Adjusted net income for the first quarter 2017 excludes Other charges, a one-time performance bonus paid to a third party in the form of stock-based compensation, a $2.5 million non-operating charge recorded for a settlement with the Department of Health and Human Services related to the theft of two unencrypted laptops in 2011, the tax effect of these adjustments as well as the impact from the utilization of our net operating loss carryforwards. By excluding expenses that are considered not necessary to support the ongoing business or which are nonrecurring in nature, the Company believes that these Non-GAAP financial measures offer a meaningful representation of the Company’s ongoing operating performance. Included in Other charges are transaction related expenses, primarily legal and professional fees, which are being partially offset by a reduction in the fair value of contingent consideration. These Other charges are not part of the ongoing operations, and therefore, not reflective of the Company’s core operations. The Company also excluded the second half of a one-time performance bonus paid to a third party in the form of stock-based compensation. The first of two performance measures was achieved in the fourth quarter 2016, resulting in $1.3 million of expense at that time. The second performance measure was achieved in the first quarter 2017, resulting in $1.5 million of expense. This is the first time in the Company’s history that such a bonus was offered and issued and the expense is nonrecurring. There are no additional agreements outstanding of this nature. The Company also included the income tax effect of these adjustments based on the Company’s estimated annual effective tax rate of 38%. During the fourth quarter 2016, the Company released the tax valuation allowance on its net deferred tax assets. The benefit from this release was excluded from the Company’s 2016 adjusted results. Without a valuation allowance in place and due to the timing of discrete items, for GAAP financial reporting purposes the Company is reporting a tax benefit of 129.3% for the first quarter 2017. After giving effect to taxes at the estimated annual effective tax rate of 38% on the other adjustments, the utilization of net operating loss carryforwards had a $1.2 million positive impact on the first quarter 2017.

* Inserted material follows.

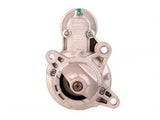 STARTTI 63221834/ 25-2003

Adjusted net income for the first quarter 2016 excludes $1.8 million related to patent litigation and costs associated with the Company’s 2016 acquisitions. Patent litigation expense is a component of Other charges. We view patent litigation as an extreme measure not typically required in our industry to protect a company’s intellectual property and which has not been common practice for the Company. The Company commenced patent litigation proceedings after the Company uncovered specific evidence of four distinct cases of misappropriation and infringement. The Company can choose to resolve the outstanding matters and terminate the expense at any time.
In addition to adjusted income from operations, adjusted net income and adjusted net income per diluted share, we also present adjusted EBITDA. This Non-GAAP financial measure excludes income taxes, interest, Other charges, depreciation and amortization and stock compensation expense. EBITDA is a widely accepted financial measure which we believe our stakeholders use to compare our ongoing financial performance to that of other companies. Adjusting our EBITDA for Other charges and other one-time items is a meaningful financial measure as we believe it is an indication of our ongoing operations. In addition, we also add back stock compensation expense because it is non-cash in nature. Other companies in our industry may calculate adjusted EBITDA in a different manner.